=== DATA SUPPLIED ===

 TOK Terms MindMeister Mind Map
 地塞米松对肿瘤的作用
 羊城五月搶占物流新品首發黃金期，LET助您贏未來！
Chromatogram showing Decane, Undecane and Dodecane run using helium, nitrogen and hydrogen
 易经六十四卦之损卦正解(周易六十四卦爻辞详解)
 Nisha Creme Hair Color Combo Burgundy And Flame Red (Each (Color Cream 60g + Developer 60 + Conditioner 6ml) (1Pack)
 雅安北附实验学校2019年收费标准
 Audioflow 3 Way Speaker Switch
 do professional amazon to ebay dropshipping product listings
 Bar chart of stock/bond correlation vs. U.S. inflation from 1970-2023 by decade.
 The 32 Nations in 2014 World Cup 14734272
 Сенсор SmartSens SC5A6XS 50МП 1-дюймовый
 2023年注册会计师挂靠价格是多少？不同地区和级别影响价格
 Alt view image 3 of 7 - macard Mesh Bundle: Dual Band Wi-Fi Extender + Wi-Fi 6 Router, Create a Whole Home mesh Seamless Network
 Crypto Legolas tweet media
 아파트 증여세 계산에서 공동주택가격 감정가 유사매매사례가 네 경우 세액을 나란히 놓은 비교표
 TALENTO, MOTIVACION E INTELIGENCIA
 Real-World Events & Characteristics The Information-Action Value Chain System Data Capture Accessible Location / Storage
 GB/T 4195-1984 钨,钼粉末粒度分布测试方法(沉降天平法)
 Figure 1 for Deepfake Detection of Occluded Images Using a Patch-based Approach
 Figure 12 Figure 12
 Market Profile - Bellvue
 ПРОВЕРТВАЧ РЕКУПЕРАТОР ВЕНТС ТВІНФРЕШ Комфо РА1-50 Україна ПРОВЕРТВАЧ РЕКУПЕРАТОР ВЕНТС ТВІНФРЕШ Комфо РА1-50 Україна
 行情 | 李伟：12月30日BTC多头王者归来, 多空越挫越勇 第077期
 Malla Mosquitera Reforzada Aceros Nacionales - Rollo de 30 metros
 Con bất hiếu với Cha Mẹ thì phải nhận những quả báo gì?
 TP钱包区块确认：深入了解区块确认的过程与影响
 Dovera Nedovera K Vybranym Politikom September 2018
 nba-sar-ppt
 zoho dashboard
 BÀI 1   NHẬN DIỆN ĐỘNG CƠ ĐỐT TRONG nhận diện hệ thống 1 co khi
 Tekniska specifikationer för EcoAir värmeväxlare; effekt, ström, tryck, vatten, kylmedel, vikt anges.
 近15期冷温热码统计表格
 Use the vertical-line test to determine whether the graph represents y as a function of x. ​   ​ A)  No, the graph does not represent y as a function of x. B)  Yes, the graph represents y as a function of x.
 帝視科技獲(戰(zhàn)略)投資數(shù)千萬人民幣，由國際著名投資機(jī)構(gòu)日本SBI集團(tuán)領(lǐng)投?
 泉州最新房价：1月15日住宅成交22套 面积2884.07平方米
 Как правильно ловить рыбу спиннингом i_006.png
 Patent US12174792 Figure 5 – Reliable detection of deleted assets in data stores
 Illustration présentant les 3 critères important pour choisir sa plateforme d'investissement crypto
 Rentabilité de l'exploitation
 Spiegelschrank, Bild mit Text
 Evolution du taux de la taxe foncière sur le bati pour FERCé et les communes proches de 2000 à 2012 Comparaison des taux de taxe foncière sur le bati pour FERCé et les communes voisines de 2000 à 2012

=== WHAT NEEDS TO BE DONE ===
Lines containing the word "World" must all be returned from the material above.

=== RESPONSE TO THIS TASK ===
 The 32 Nations in 2014 World Cup 14734272
 Real-World Events & Characteristics The Information-Action Value Chain System Data Capture Accessible Location / Storage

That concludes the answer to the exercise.